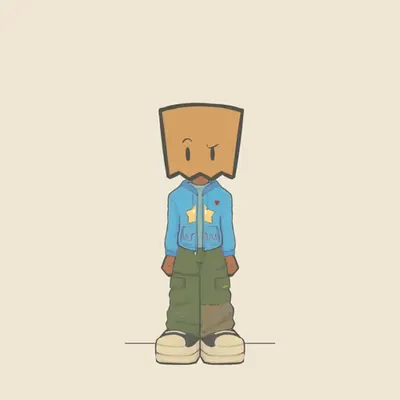 PaperBag Pals #35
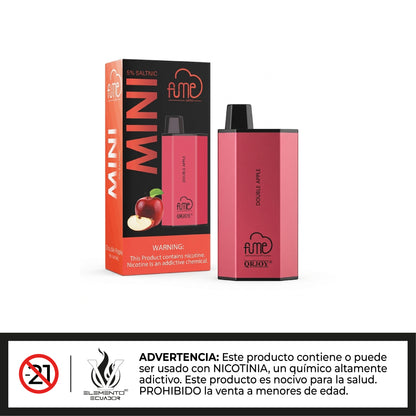 Fume - 1200 Puffs Mini Vape Desechable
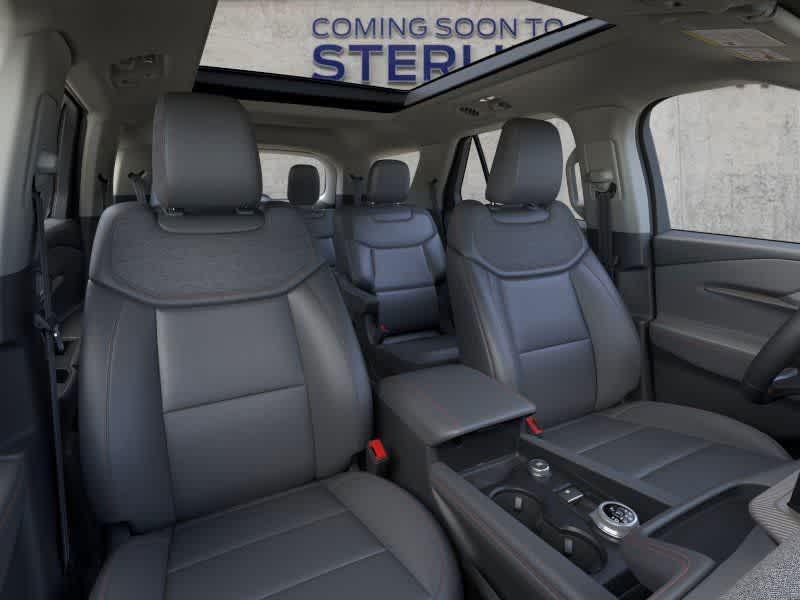new 2026 Ford Explorer car, priced at $47,328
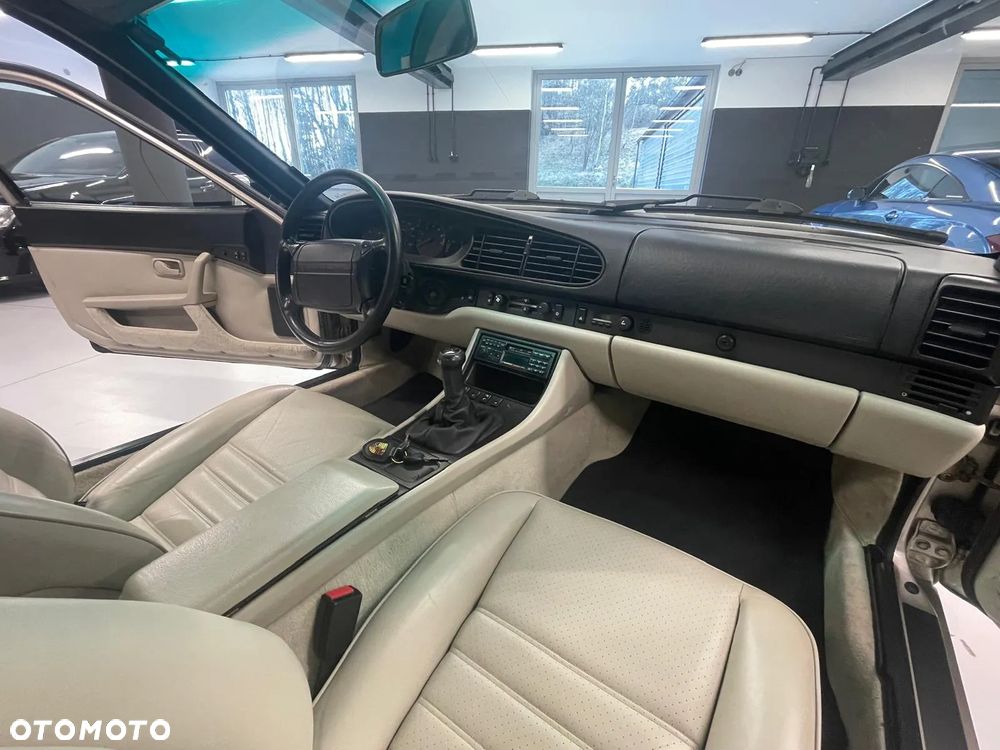 Porsche 944 3.0 S2 Cabriolet - 20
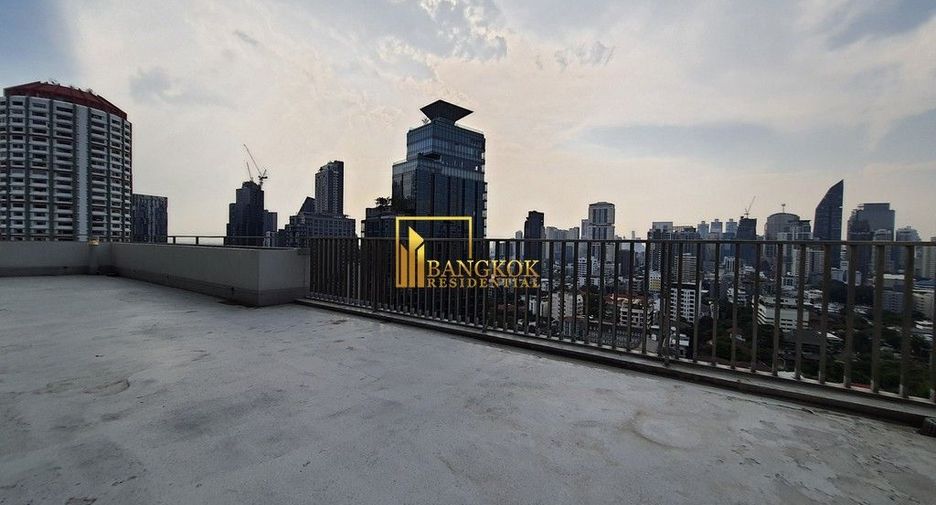 Apartamento en alquiler de 4 habitaciones en Watthana, Bangkok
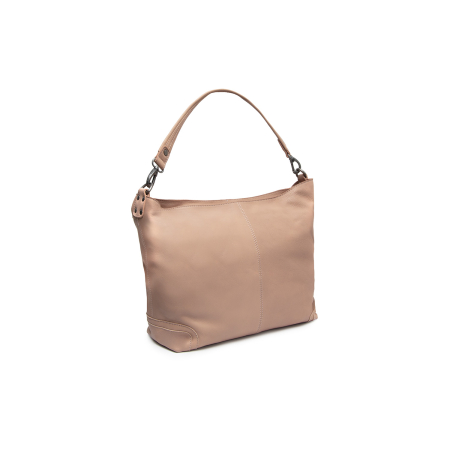 Geanta de umar Astero din piele naturala, The Chesterfield Brand - Vintage Rose [3]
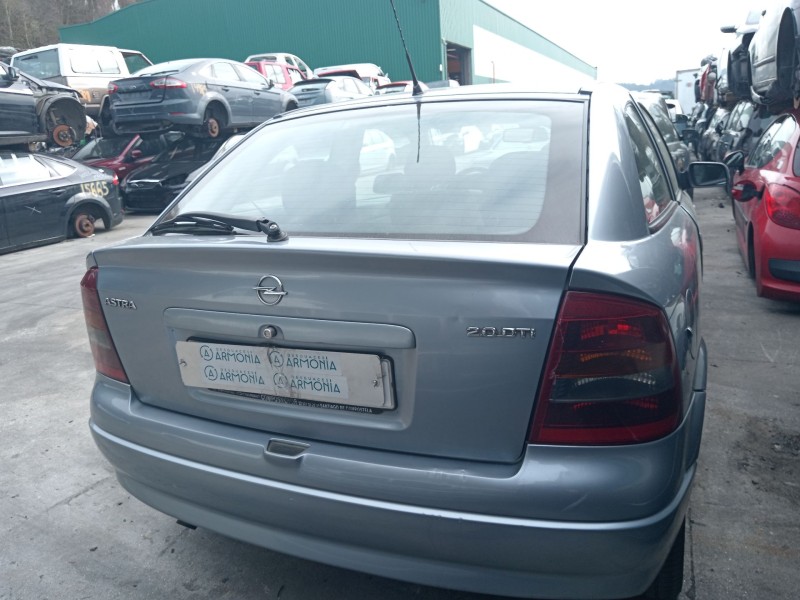 opel astra g hatchback (t98) del año 2003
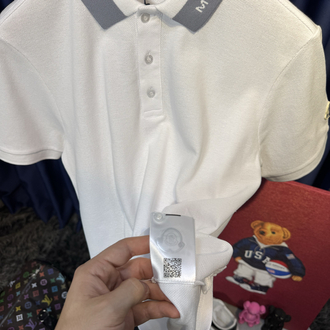 Moncler Premium Polo T-Shirt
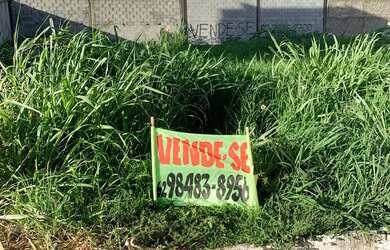 Imagem: O terreno possui 200m² de Área e está localizado em Goiânia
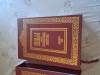 Biblia 1688 retipărită &icirc;n 2018 &icirc;n cutie, Carti crestinism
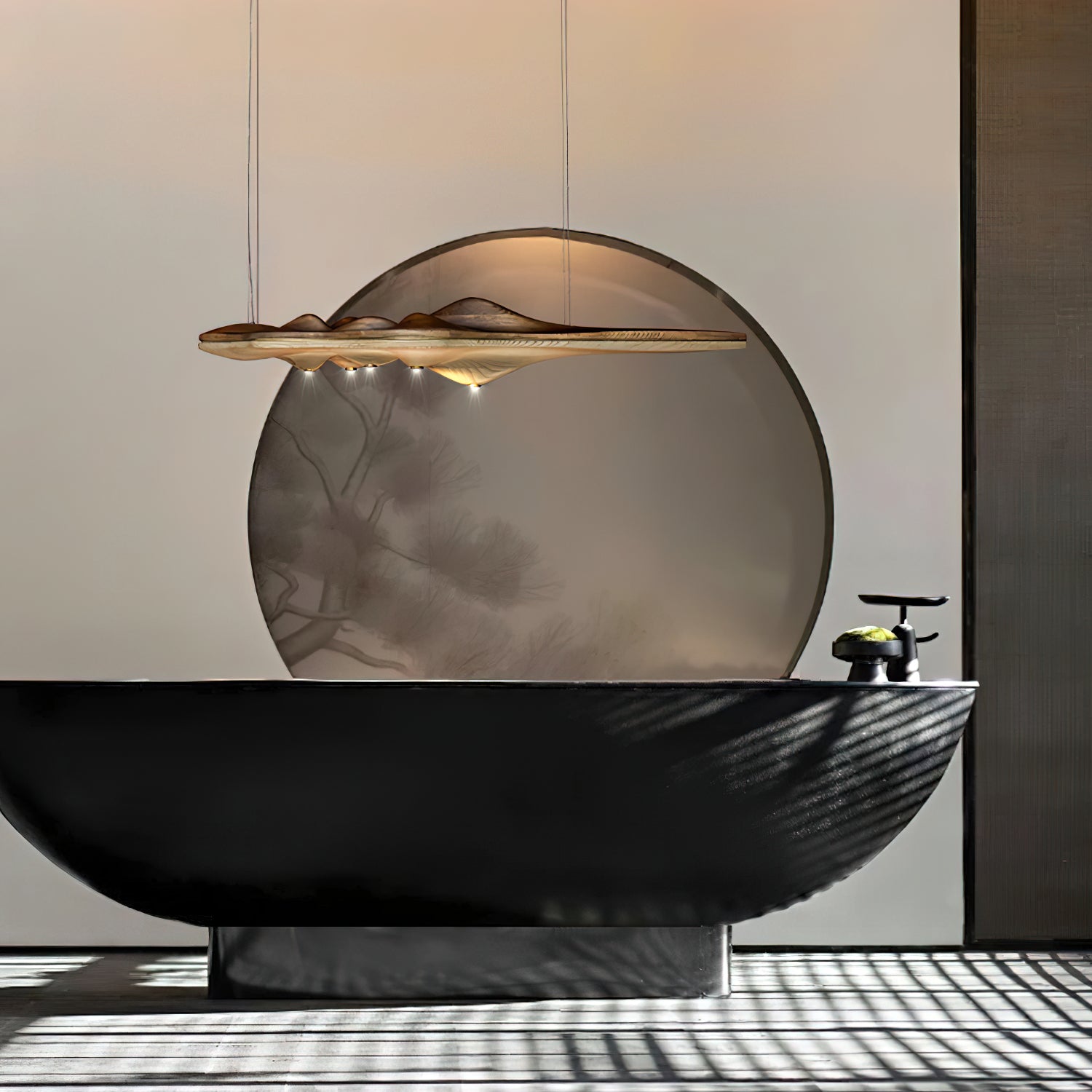 Solitude Pendant Lamp - Cueteks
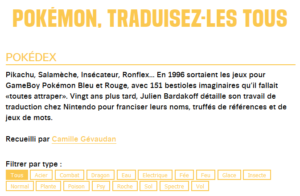 PokémonLibération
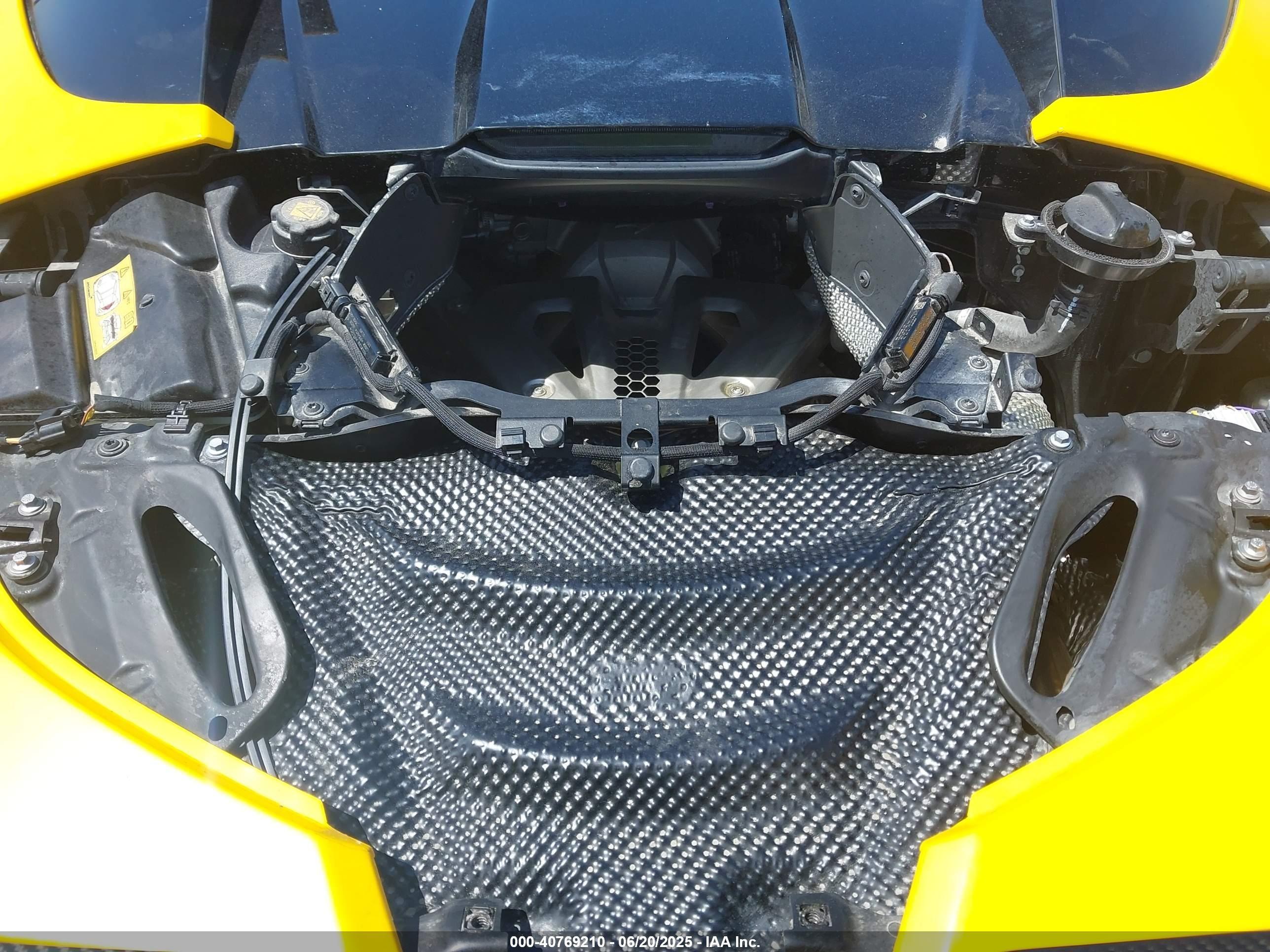 2022 McLaren #10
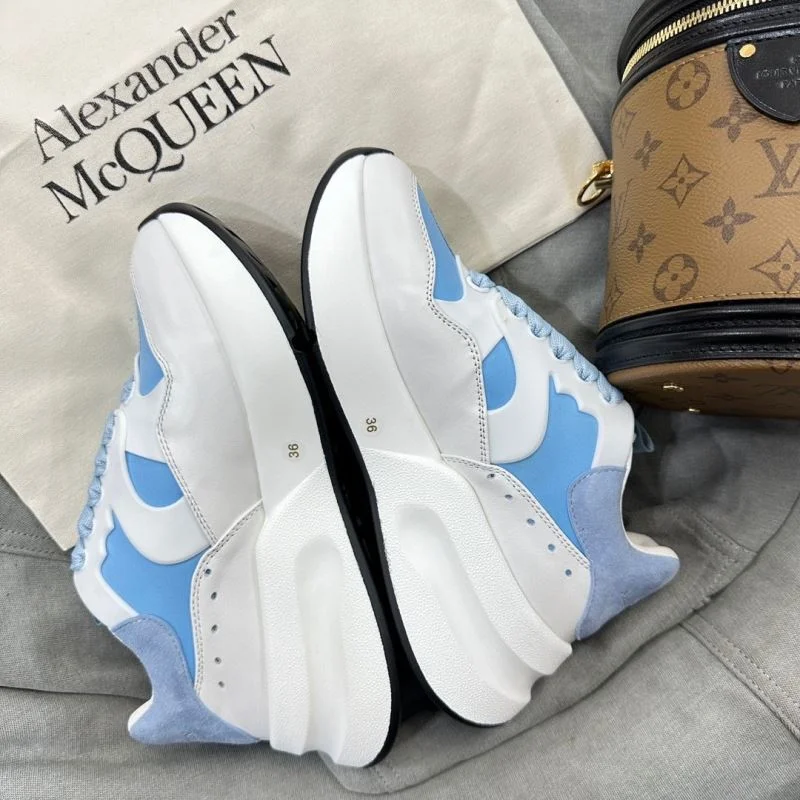 Resilient Alexander Mcqueen Low Shoes 16310
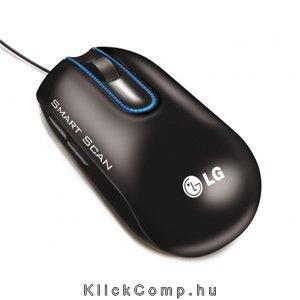Eladó Már csak volt!!! LG Scanner-Egér - LSM100 (Lézer szenzor; 1200DPI; scan 320DPI; USB; A3 méretig) - olcsó, Új Eladó Már csak volt!!! - Miskolc ( Borsod-Abaúj-Zemplén ) fotó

WHAT YOU SHOULD DO: Repeat the records in full, exactly as they appear, but with the pictures removed.

RESULT OF THIS TASK:
 PaperBag Pals #35
 Fume - 1200 Puffs Mini Vape Desechable
new 2026 Ford Explorer car, priced at $47,328
 Porsche 944 3.0 S2 Cabriolet - 20
 Apartamento en alquiler de 4 habitaciones en Watthana, Bangkok
 Geanta de umar Astero din piele naturala, The Chesterfield Brand - Vintage Rose [3]
 opel astra g hatchback (t98) del año 2003
 Moncler Premium Polo T-Shirt
 Imagem: O terreno possui 200m² de Área e está localizado em Goiânia
 Biblia 1688 retipărită &icirc;n 2018 &icirc;n cutie, Carti crestinism
 Solitude Pendant Lamp - Cueteks
 PokémonLibération
 2022 McLaren #10
 Resilient Alexander Mcqueen Low Shoes 16310
Eladó Már csak volt!!! LG Scanner-Egér - LSM100 (Lézer szenzor; 1200DPI; scan 320DPI; USB; A3 méretig) - olcsó, Új Eladó Már csak volt!!! - Miskolc ( Borsod-Abaúj-Zemplén ) fotó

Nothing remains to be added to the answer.